WORK ORDER: Word for word, set down every line of the entries below from the line with "Floral patterned card" to the line with "rosa kapslar piller", including both, and no other line.

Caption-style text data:
┄┄┄┄┄┄┄┄┄┄

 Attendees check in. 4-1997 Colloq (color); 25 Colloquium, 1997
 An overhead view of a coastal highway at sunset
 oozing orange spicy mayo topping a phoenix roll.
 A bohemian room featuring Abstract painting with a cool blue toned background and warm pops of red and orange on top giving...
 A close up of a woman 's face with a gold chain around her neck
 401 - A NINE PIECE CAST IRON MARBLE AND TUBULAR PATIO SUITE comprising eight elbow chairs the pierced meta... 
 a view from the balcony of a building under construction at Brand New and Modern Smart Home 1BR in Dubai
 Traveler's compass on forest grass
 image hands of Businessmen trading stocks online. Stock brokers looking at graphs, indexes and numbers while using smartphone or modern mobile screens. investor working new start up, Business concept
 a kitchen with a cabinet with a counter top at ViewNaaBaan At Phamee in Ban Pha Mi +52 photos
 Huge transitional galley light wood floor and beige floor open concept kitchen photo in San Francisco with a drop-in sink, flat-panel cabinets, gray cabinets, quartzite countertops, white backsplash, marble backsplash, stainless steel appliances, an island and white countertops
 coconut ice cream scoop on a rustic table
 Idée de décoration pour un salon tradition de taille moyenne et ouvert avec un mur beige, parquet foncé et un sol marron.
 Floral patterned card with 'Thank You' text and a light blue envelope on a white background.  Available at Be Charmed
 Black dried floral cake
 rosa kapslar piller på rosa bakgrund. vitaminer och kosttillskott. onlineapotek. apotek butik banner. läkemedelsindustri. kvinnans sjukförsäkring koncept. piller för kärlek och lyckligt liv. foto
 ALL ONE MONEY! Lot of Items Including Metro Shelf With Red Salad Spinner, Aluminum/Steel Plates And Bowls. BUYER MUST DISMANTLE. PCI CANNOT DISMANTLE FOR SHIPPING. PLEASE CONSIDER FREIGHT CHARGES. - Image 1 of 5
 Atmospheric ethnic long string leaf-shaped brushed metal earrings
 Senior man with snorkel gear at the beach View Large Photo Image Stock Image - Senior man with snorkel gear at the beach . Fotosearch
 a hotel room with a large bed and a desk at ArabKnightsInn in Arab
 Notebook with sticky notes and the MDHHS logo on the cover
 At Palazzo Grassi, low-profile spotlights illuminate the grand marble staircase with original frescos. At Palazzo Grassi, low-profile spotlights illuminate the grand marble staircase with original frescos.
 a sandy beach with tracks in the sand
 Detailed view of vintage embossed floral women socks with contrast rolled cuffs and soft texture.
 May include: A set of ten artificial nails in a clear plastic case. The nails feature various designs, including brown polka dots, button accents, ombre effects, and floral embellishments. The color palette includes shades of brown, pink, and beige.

┄┄┄┄┄┄┄┄┄┄

FINAL ANSWER:
 Floral patterned card with 'Thank You' text and a light blue envelope on a white background.  Available at Be Charmed
 Black dried floral cake
 rosa kapslar piller på rosa bakgrund. vitaminer och kosttillskott. onlineapotek. apotek butik banner. läkemedelsindustri. kvinnans sjukförsäkring koncept. piller för kärlek och lyckligt liv. foto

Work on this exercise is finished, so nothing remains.